# Anyone with Pig Roast Experience?



## chefdrizzle (Dec 23, 2007)

so this coming june a few friends and i are holding a pig roast... its the first one ive done basically myself... i.e. cooking the pig, getting supplies, talking to park administrations, signing forms yada yada... 

there will be an 80lb pig, Burgers, dogs, chicken, assorted kegs and hopefully we have people bringing side dishes to set out like tater salad and such.... now we would like to have 70 ppl show up and thats it... but we all know thats not going to happen.. we have already let people know a bit too soon and were lookin at a possible turnout of 150+.. i dont mind it that much i just know that if too many people come, they might not get the pig. We reserved a park pavilion area... games will be had as well as live music... 

im not that worried about people getting bored, but what i am worried about is that crunch time when the pig is done and we got to break that mother of a swine down and feed everyone lol... 

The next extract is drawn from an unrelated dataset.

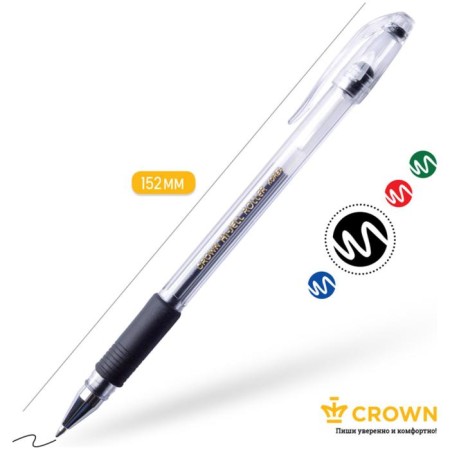 Gel pen, standard, rubber emphasis, Crown HJR-500R, black, node 0.5 mm-2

anyone have any experience with pig roasts that they can lend a few tips?? it would be more than appreciated..

Thanks, 

Andris


----------



## boar_d_laze (Feb 13, 2008)

Yes.

If you're really expecting 150, that pig is nowhere near big enough. Figure on well over 50% waste. An 80# pig for 75 people is a biiiig stretch. 2 lbs dressed pig per person is very generous. 1 lb is sketchy. 1-1/2 lbs is about right. Sounds like you're going to have enough other things so no one walks away hungry, but with one 80# pig, not everyone is going to get pig.

You want something between 60 and 120 pounds. Smaller is inefficient, bigger too hard to flip -- even for a crew of experienced men, which you won't have. In my experience 80# is near ideal. In your shoes, I'd plan on two 100 pounders and hope everyone doesn't show up. 

You didn't say how you're planning to cook. Digging a pit? Renting a big smoker? Caja china? Cochon au lait? Racer style? Butterfly? Head on? Head off? 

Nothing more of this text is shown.